Required action - All the lines below need retyping exactly, apart from the images.

++++ Available records

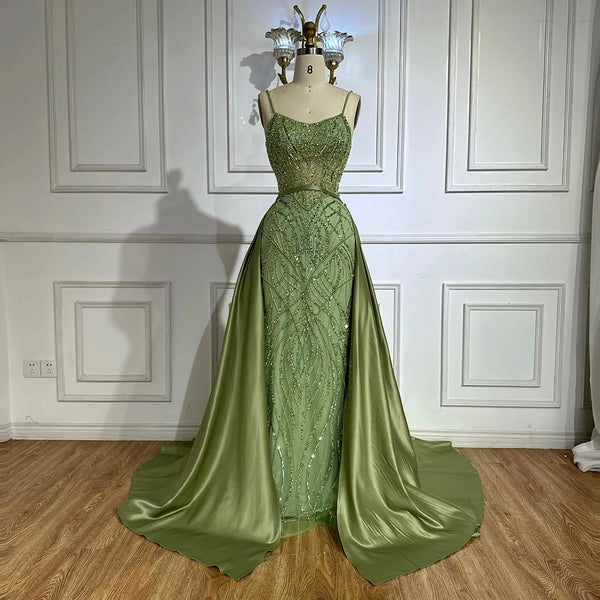 Sage Green Beaded Evening Dress Detachable Overskirt Party LA72733A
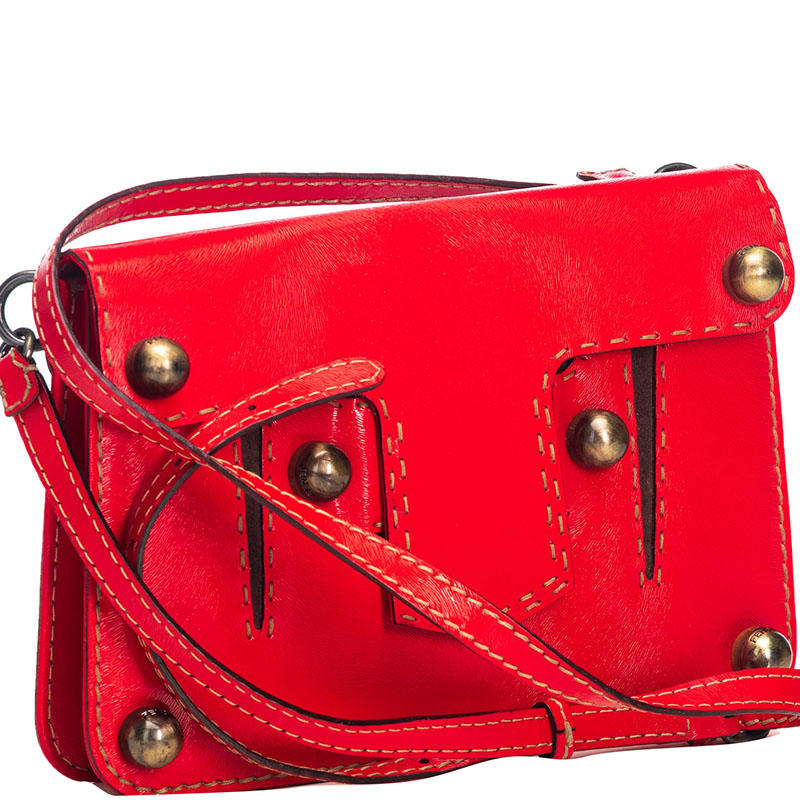 

Fendi Red Studded Leather Crossbody Bag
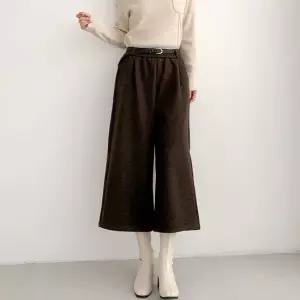 여성 밍크기모 스판 밴딩 투톤10부 골덴 통바지 벨트포함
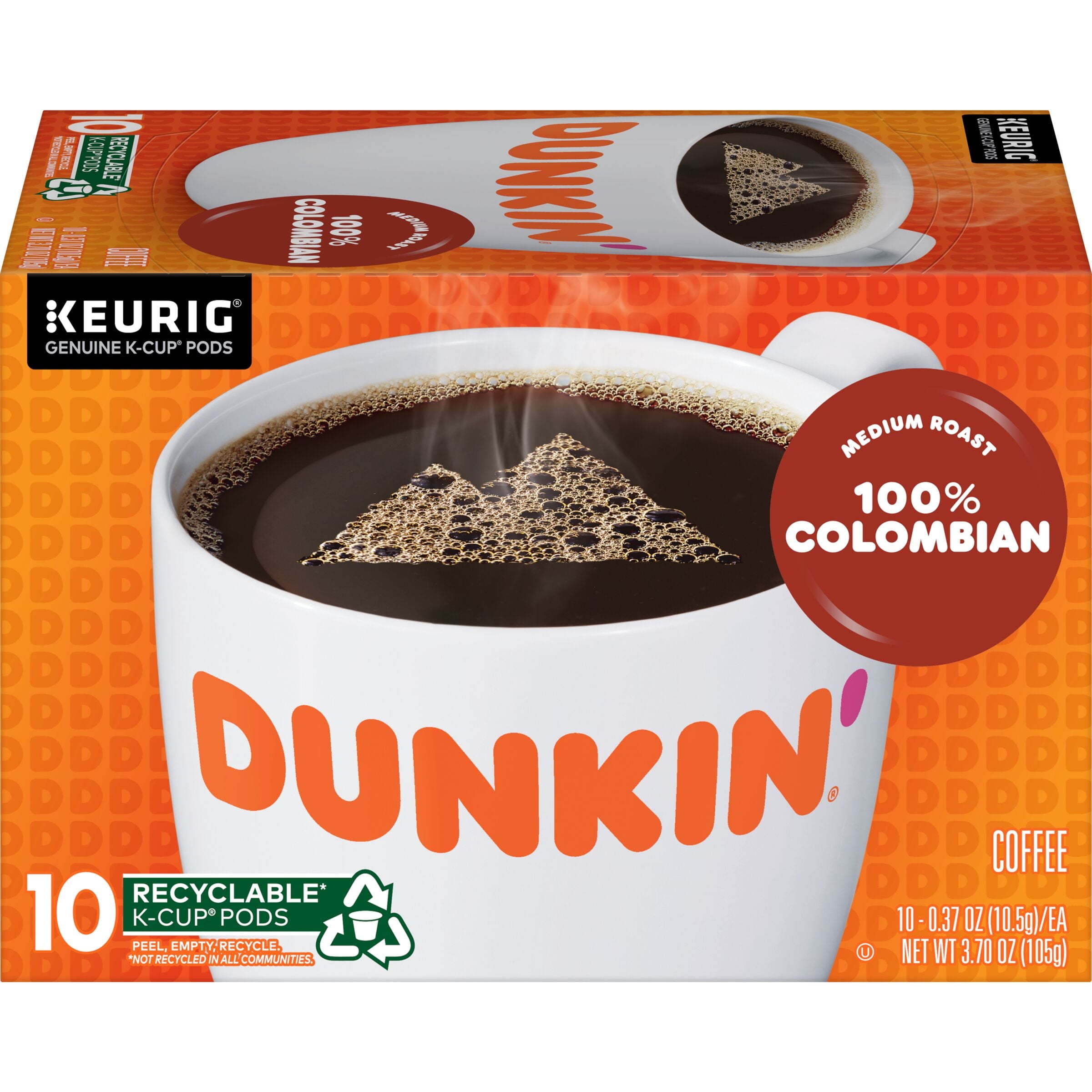 (60 Count) Dunkin' 100% Colombian, Medium Roast, K-Cup Coffee Pods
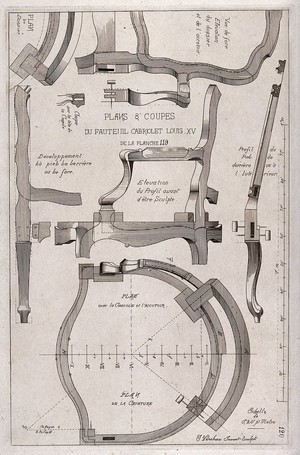 view Cabinet-making: designs for a chair. Etching by J. Verchère after himself, 1880.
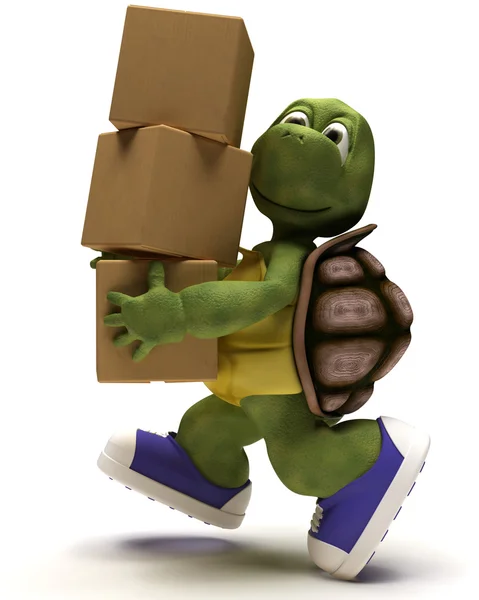 Caricatura di tartaruga che corre con i cartoni di imballaggio — Foto Stock
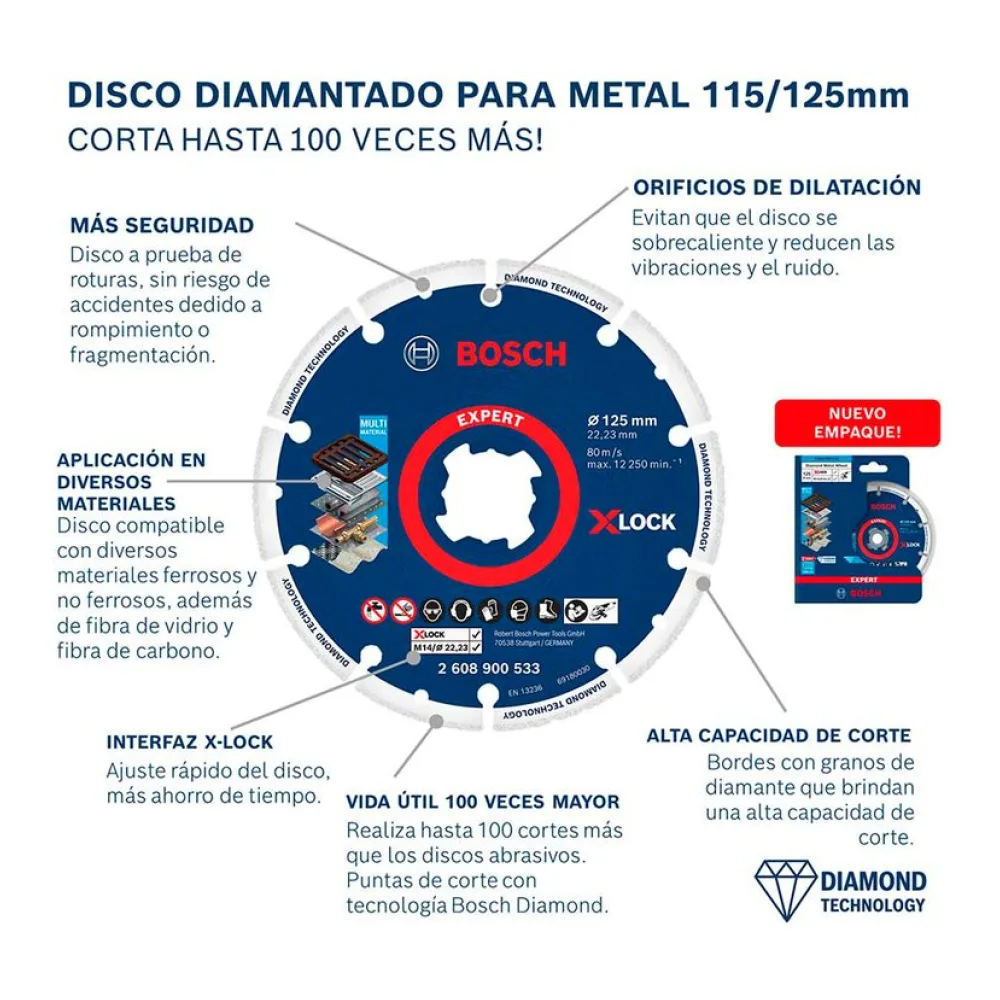 Disco Diamantado Expert Multimaterial 125X22,23MM Bosch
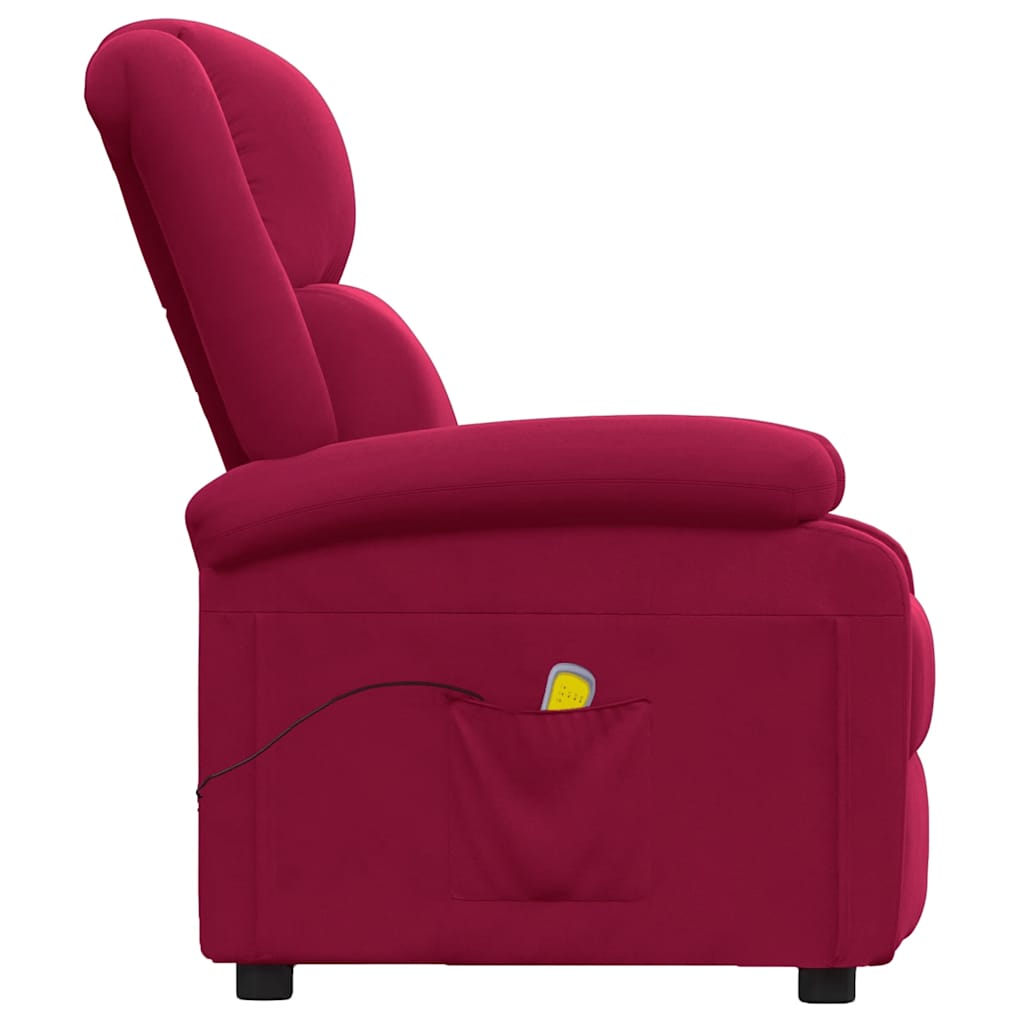 Poltrona de massagens veludo vermelho tinto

++++++++

Exercise solution -
 Sage Green Beaded Evening Dress Detachable Overskirt Party LA72733A

Fendi Red Studded Leather Crossbody Bag
 여성 밍크기모 스판 밴딩 투톤10부 골덴 통바지 벨트포함
 (60 Count) Dunkin' 100% Colombian, Medium Roast, K-Cup Coffee Pods
 view Cabinet-making: designs for a chair. Etching by J. Verchère after himself, 1880.
 Caricatura di tartaruga che corre con i cartoni di imballaggio — Foto Stock
 Disco Diamantado Expert Multimaterial 125X22,23MM Bosch
 Poltrona de massagens veludo vermelho tinto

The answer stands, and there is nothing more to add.